Using the material that follows, output exactly the lines from the one containing "Snowy Plover - ML646382203" through the one containing "χαρά του (βίντεο)", with both ends kept.

▸ **EXERCISE INPUTS**
*** Begin section ***
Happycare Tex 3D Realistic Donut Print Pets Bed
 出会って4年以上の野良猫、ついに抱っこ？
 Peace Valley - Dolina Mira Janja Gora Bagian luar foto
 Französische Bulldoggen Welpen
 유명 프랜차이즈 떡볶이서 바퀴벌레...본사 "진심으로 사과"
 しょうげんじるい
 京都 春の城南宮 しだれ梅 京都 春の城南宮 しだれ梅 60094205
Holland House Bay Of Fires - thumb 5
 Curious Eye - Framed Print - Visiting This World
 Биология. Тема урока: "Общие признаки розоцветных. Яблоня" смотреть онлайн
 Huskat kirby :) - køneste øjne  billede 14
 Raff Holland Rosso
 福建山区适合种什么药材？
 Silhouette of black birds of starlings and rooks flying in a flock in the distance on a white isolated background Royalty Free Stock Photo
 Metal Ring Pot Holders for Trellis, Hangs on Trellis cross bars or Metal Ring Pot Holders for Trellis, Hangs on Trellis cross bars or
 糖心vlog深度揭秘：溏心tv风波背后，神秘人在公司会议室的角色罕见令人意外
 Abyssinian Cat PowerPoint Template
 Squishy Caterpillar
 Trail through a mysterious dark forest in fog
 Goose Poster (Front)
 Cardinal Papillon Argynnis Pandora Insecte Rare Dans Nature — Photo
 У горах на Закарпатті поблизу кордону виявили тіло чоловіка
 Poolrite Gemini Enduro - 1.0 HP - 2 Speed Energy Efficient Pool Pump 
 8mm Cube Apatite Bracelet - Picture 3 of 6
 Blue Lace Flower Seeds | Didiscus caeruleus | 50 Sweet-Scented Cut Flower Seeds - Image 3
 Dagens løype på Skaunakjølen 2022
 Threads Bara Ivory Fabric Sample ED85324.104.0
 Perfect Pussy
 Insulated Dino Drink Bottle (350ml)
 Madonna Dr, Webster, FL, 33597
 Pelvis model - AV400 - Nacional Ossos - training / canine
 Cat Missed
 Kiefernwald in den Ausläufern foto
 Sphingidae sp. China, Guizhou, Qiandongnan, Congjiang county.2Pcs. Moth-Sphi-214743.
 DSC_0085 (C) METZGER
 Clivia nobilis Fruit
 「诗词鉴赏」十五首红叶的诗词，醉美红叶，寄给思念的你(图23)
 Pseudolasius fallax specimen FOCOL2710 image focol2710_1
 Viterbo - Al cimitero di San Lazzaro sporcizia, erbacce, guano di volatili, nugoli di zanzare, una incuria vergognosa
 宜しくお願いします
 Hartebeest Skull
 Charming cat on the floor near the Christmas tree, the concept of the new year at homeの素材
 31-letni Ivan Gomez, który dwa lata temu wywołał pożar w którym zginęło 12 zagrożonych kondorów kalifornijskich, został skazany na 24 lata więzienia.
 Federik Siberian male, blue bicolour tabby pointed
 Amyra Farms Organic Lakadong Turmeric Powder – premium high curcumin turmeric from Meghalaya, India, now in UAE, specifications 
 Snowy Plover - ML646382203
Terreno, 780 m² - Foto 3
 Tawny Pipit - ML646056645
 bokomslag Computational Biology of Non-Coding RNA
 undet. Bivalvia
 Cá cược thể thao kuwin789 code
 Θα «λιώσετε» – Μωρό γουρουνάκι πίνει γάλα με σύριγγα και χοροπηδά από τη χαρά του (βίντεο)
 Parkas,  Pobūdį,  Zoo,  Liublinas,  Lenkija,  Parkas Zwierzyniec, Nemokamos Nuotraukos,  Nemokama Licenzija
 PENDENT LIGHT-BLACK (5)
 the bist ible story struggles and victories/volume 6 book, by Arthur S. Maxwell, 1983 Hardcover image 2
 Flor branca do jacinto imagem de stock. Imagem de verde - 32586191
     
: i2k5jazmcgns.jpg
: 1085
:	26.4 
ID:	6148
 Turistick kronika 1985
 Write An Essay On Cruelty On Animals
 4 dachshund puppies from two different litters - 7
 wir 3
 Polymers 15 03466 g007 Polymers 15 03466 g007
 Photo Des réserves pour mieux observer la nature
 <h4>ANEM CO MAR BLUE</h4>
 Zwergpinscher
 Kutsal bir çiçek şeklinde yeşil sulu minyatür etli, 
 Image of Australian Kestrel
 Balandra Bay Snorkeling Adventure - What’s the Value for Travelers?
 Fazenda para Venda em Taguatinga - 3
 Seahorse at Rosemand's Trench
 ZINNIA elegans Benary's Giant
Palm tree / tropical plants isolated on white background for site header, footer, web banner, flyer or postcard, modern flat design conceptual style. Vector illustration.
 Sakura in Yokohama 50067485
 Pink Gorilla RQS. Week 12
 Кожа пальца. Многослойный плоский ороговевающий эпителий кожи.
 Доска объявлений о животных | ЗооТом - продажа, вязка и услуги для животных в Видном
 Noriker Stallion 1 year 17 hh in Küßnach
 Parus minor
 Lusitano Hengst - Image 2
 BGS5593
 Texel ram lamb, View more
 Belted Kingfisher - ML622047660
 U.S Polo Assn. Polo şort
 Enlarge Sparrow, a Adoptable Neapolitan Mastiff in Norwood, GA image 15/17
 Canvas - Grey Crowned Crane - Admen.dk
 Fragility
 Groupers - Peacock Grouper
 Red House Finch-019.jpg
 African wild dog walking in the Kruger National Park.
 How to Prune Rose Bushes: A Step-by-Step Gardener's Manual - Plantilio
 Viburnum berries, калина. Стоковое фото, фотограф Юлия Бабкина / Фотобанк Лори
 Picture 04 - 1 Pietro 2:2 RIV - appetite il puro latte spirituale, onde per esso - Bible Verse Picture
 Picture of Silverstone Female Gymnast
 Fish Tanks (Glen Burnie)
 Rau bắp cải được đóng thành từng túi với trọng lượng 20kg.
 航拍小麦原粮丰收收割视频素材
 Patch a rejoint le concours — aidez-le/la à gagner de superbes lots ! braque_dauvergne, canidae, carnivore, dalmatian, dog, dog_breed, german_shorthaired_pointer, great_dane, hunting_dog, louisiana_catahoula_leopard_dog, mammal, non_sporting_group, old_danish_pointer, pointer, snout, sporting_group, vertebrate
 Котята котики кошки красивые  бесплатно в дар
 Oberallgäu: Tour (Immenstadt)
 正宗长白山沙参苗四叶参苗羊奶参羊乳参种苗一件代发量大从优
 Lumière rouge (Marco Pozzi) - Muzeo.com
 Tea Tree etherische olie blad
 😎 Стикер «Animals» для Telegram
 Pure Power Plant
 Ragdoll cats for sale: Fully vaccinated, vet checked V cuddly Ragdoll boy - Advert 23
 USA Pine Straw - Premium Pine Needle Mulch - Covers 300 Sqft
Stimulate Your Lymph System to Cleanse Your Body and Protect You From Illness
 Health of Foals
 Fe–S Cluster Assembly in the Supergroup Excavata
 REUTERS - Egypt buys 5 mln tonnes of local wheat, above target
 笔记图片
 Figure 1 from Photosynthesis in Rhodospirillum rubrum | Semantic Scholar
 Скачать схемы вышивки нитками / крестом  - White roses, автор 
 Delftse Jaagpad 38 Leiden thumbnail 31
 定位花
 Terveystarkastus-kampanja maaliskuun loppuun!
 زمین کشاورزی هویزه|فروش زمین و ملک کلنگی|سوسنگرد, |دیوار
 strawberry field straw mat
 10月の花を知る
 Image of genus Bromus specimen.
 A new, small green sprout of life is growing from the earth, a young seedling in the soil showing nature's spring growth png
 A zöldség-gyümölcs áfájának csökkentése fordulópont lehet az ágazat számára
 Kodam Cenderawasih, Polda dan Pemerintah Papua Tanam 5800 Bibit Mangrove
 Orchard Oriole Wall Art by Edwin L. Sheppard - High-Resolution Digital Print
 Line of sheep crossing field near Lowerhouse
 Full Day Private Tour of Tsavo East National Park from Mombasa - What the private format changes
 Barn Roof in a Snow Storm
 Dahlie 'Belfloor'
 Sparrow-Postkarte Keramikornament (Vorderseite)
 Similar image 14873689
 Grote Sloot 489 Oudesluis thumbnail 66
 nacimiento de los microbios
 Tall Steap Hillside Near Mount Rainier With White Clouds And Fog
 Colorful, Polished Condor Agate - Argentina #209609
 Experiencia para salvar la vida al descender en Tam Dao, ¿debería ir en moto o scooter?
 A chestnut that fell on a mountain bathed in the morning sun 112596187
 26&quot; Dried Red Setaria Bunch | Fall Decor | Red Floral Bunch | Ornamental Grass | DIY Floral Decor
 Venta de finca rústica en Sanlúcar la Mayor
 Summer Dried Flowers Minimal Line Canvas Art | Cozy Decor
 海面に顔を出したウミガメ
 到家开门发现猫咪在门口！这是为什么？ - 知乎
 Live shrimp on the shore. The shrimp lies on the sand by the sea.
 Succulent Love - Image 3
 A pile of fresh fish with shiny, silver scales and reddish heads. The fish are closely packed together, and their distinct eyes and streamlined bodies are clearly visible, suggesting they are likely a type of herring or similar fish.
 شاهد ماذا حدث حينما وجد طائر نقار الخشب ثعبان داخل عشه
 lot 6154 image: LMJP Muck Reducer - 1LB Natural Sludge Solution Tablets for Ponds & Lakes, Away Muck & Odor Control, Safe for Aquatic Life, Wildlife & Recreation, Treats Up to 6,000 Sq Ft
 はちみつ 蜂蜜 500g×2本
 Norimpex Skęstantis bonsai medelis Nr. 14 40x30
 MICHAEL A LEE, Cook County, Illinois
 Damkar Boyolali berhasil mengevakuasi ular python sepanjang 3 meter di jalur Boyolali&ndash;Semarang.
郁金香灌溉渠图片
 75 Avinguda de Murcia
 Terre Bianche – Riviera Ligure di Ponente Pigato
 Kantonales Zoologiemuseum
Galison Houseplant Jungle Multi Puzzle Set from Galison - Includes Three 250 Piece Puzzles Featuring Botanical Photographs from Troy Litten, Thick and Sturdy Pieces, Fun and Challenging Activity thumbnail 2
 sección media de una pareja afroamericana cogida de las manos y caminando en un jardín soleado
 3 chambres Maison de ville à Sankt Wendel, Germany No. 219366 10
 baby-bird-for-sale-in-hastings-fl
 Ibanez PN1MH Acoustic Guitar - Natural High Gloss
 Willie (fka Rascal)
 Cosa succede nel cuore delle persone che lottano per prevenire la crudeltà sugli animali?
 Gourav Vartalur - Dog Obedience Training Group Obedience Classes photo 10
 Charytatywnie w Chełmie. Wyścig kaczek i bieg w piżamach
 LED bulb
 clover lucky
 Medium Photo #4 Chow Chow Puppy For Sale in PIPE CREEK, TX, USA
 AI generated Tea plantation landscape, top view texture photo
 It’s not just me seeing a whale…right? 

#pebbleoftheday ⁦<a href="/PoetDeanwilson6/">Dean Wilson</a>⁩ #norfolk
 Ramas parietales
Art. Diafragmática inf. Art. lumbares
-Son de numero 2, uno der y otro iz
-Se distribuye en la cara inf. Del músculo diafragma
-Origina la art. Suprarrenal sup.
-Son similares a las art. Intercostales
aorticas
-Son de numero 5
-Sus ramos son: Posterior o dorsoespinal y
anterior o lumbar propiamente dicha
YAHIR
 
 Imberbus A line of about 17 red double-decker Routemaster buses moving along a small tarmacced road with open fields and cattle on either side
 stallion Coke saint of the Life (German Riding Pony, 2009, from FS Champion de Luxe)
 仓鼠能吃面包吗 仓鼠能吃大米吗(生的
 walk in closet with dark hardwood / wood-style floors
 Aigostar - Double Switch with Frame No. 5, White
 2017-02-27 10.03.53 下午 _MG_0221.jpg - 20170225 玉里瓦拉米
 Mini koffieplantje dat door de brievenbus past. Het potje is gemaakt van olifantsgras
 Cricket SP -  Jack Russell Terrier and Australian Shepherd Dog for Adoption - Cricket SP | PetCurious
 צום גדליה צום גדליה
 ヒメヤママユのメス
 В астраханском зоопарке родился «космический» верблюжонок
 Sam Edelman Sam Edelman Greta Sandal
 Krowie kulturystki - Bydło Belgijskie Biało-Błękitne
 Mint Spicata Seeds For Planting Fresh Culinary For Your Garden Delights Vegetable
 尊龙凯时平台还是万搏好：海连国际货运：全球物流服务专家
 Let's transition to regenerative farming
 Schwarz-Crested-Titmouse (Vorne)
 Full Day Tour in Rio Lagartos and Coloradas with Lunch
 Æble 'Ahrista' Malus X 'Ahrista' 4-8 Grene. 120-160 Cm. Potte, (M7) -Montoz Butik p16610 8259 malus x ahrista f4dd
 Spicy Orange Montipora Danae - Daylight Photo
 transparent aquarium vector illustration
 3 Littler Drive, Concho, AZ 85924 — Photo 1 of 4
*** End section ***
▸ **OUTPUT OF THE EXERCISE**
 Snowy Plover - ML646382203
Terreno, 780 m² - Foto 3
 Tawny Pipit - ML646056645
 bokomslag Computational Biology of Non-Coding RNA
 undet. Bivalvia
 Cá cược thể thao kuwin789 code
 Θα «λιώσετε» – Μωρό γουρουνάκι πίνει γάλα με σύριγγα και χοροπηδά από τη χαρά του (βίντεο)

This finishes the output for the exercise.